I, too, am interested in the panel. Would love to hear more.
December 13, 2011 at 1:42 pm
This is so good, Rachel. I have women like this in my life, and they are blessings beyond compare. It's a big part of what made me want to become a mentor here. Sometimes you can be a blessing just by showing up. xo
December 13, 2011 at 2:51 pm
This was amazing. I believe that God is placing it on my heart for my friends and I to be more accountable to one another. We've known each other for years; yet, we're all walking around with these "masks" on…hiding our "secrets" from each other. That's not authentic…and I know that in order to get the girls to open up that I'm going to be transparent first. God, give me the strength. Rachel, keep writing and blessing us! Amen.

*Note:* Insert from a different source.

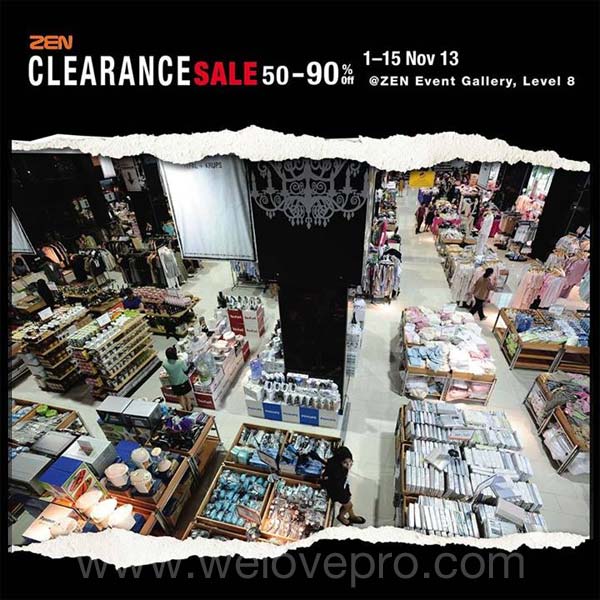 ZEN Clearance Sale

December 19, 2011 at 1:23 pm
The last few weeks I have been thinking a lot about what gift to give to Jesus in 2012. The last year has been the lowest and darkest part of my life…already a Christian…and even a leader in ministry. My story of healing and redemption is definitely far from over but God has shown me that Ive tried to control my life but taking comfort in deception. Deception has always been a safe place – no one can judge and I cant disappoint – if no one knows. This lie…this place of comfort…was a living hell and helped me build walls of glass houses. A double life keeps others at bay and you perfectly (yet unconsciously) isolated. My daily routines were unconscious reactions of self protection. What God has been showing me is that true comfort is found in transparency. True comfort and acceptance can only come by way of authentic relationships. When you are able to share 'the ugly' – as ive come to call it – and see Gods grace through others acceptance despite your sinful thoughts or actions – it only then that intimacy can happen and comfort is found. My goal for 2012 is to exude authenticity in every area of my life and not passively but purposefully. As leaders in ministry, its time we take the first step and show others what truth, grace, and redemption really looks like. I believe God is going to show up BIG! To live in deception and isolation robs ourselves and others of experiencing DIVINE POWER. Let's stop answering with "I'm fine and you?" lets get dirty…lets get ugly.